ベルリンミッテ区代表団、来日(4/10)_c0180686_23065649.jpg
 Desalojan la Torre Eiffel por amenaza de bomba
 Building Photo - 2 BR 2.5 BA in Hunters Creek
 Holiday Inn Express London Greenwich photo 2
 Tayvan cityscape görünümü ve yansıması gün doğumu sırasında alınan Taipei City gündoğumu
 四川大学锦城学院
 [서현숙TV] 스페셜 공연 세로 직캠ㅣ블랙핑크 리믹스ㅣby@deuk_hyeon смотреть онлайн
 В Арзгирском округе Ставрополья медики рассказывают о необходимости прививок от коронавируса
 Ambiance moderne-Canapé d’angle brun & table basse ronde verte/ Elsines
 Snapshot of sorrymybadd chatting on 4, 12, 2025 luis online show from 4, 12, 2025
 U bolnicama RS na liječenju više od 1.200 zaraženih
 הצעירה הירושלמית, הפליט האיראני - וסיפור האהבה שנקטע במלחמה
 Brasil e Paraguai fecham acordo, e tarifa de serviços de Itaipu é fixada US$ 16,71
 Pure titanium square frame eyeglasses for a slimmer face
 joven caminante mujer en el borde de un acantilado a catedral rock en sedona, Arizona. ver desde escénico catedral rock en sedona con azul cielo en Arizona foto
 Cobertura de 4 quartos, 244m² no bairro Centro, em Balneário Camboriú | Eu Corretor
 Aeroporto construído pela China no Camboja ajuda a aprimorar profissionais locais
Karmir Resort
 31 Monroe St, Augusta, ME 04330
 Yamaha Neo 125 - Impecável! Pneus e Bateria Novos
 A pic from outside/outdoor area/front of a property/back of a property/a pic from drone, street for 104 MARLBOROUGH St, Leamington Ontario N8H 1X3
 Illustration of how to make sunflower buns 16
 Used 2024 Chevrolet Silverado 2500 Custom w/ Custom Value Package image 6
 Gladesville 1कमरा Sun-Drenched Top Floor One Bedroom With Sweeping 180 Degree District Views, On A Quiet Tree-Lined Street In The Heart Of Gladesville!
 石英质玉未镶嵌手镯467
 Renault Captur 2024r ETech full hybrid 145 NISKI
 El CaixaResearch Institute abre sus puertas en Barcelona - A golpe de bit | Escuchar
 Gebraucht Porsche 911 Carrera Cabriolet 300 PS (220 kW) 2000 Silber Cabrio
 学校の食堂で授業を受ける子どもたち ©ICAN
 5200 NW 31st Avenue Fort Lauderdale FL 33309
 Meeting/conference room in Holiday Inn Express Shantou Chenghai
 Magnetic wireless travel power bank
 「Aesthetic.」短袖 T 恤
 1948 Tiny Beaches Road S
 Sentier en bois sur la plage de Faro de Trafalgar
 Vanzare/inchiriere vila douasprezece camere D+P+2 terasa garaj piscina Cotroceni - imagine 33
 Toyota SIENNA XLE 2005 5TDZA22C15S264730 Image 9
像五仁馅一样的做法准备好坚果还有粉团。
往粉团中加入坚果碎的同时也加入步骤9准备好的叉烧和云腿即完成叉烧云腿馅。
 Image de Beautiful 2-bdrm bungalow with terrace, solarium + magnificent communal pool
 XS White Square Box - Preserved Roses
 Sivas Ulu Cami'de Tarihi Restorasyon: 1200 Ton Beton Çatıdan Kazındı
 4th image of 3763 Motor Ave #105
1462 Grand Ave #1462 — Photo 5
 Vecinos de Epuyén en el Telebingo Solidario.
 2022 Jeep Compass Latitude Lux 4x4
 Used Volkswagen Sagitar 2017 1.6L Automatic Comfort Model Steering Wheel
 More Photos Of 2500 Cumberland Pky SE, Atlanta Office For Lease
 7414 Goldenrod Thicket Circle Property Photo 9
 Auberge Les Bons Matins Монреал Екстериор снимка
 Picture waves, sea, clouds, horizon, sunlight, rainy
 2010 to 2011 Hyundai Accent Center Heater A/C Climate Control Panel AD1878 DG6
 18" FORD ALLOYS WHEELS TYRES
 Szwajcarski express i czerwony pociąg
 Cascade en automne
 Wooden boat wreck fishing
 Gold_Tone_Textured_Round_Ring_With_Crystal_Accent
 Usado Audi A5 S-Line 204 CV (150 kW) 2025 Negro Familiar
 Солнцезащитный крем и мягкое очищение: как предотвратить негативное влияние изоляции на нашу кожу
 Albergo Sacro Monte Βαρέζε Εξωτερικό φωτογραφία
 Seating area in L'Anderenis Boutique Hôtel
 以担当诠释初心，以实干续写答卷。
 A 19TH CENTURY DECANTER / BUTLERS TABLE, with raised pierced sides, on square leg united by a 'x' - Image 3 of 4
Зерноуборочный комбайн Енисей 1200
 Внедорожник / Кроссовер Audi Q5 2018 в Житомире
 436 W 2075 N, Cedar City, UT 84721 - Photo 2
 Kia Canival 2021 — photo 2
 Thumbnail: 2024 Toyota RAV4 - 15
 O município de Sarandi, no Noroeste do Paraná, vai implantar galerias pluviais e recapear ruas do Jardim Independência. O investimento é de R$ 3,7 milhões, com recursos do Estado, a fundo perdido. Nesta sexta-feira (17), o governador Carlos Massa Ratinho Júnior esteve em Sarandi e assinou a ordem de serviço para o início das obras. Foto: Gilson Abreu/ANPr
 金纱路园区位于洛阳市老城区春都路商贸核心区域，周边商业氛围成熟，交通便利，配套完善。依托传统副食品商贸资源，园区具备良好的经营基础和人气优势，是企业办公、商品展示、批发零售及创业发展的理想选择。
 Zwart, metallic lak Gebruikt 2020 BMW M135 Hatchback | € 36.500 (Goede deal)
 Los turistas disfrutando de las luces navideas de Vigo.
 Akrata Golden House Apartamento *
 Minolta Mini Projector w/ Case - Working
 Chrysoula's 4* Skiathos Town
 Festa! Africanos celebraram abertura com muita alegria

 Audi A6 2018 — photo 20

◇ ◇ ◇ ◇ ◇ ◇ ◇

DIRECTIONS: Please copy, word for word, every line from the first line of the records through the line containing "В Арзгирском округе", with both of those lines included and nothing else.

RESULT:
ベルリンミッテ区代表団、来日(4/10)_c0180686_23065649.jpg
 Desalojan la Torre Eiffel por amenaza de bomba
 Building Photo - 2 BR 2.5 BA in Hunters Creek
 Holiday Inn Express London Greenwich photo 2
 Tayvan cityscape görünümü ve yansıması gün doğumu sırasında alınan Taipei City gündoğumu
 四川大学锦城学院
 [서현숙TV] 스페셜 공연 세로 직캠ㅣ블랙핑크 리믹스ㅣby@deuk_hyeon смотреть онлайн
 В Арзгирском округе Ставрополья медики рассказывают о необходимости прививок от коронавируса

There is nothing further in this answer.